START Data provided

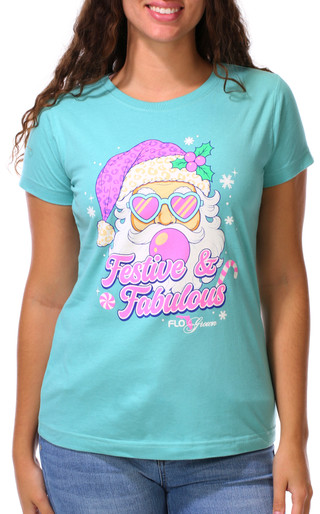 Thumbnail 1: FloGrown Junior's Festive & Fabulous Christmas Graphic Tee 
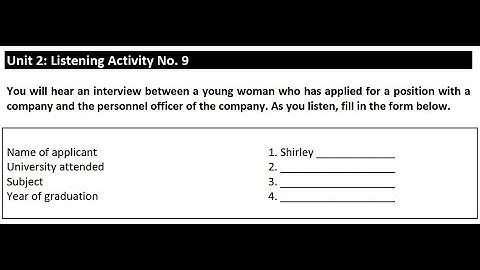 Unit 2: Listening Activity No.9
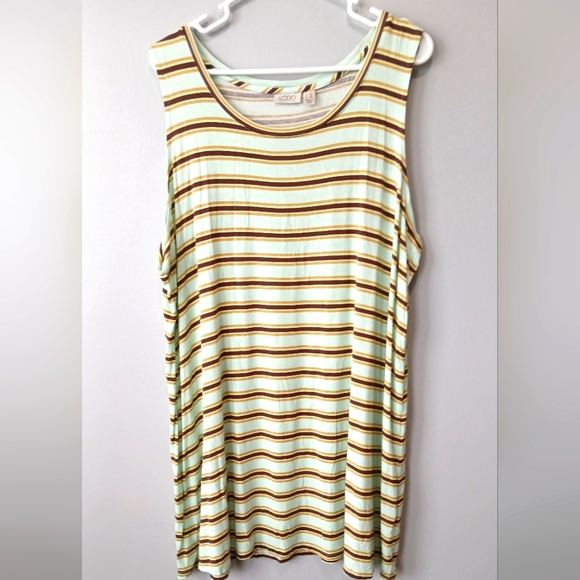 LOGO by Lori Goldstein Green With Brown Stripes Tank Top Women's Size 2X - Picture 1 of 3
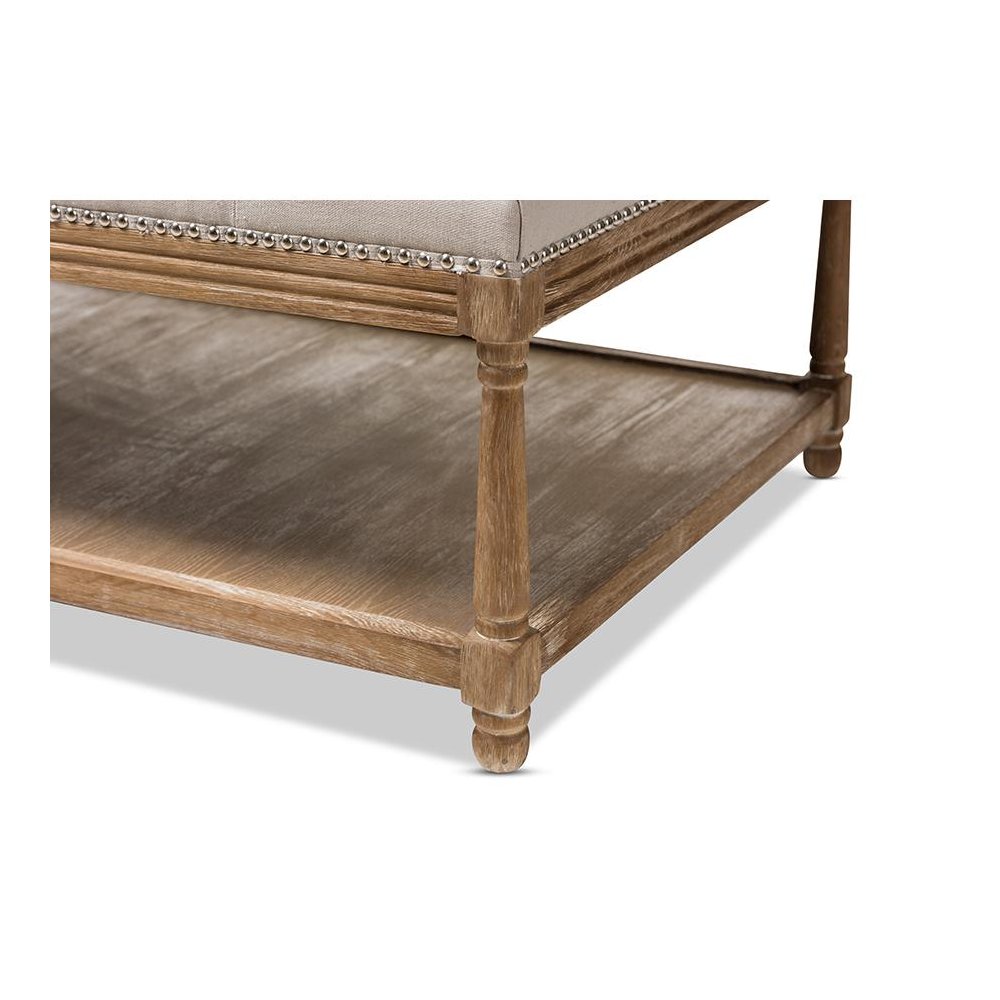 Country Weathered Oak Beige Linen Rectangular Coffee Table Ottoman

END Data provided

Since pictures are not part of the copy, set down only the remaining data exactly.

■ **Exercise solution**
 Thumbnail 1: FloGrown Junior's Festive & Fabulous Christmas Graphic Tee 
 Unit 2: Listening Activity No.9
 LOGO by Lori Goldstein Green With Brown Stripes Tank Top Women's Size 2X - Picture 1 of 3
 Country Weathered Oak Beige Linen Rectangular Coffee Table Ottoman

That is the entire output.